Among the results are:

/usr/lib/x86_64-linux-gnu/pkgconfig/gtk+-3.0.pc

Finally was to do an export.

export PKG_CONFIG_PATH=/usr/lib/x86_64-linux-gnu/pkgconfig/
  • 1
    +1 for pointing out how the man page is oversimplifying for modern, multi-architecture-capable systems. I was confused for a while because, on Debian 8 x86, pkg-config already looks in the x86_64 folder (without anything in PKG_CONFIG_PATH). I'm not sure how this was incorporated, but the command line to probe this shown by @GrandAdmiral indicates it's controlled by the --variable pc_path that is set (somehow!) for pkg-config's own package. – underscore_d Sep 13 '15 at 19:48
1

It means you're trying to build something from source, and it can't find all of the dependencies it needs. The pkg-config script it uses to find the development files for those libraries, outputs this message.

0

I was trying to install the latest version of axel and I ran ./configure and I got this:

configure: error: Package requirements (openssl) were not met:

No package 'openssl' found

Consider adjusting the PKG_CONFIG_PATH environment variable if you
installed software in a non-standard prefix.

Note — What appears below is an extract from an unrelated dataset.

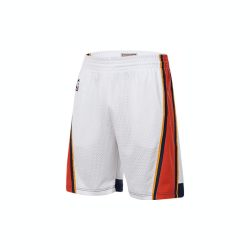 Mitchell&Ness MN勇士队球裤集合美式经典透气舒适轻便运动休闲短裤球迷版男NBA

Alternatively, you may set the environment variables SSL_CFLAGS
and SSL_LIBS to avoid the need to call pkg-config.
See the pkg-config man page for more details.

So I tried:

$ pkg-config --cflags openssl

and I got:

Package openssl was not found in the pkg-config search path.
Perhaps you should add the directory containing `openssl.pc'
to the PKG_CONFIG_PATH environment variable
No package 'openssl' found

As obvious I had openssl installed (sudo apt-get install openssl) But on the above output as you can see it states "No package 'openssl' found". So to make sure I did:

find / -type f -name "*.pc" |& grep -iv permission | grep openssl

Turns out I need some other package for sure, so a little googling and I found that I had to install this package:

sudo apt-get install libssl-dev

And all this had nothing to do with changing pkg-config path env variable.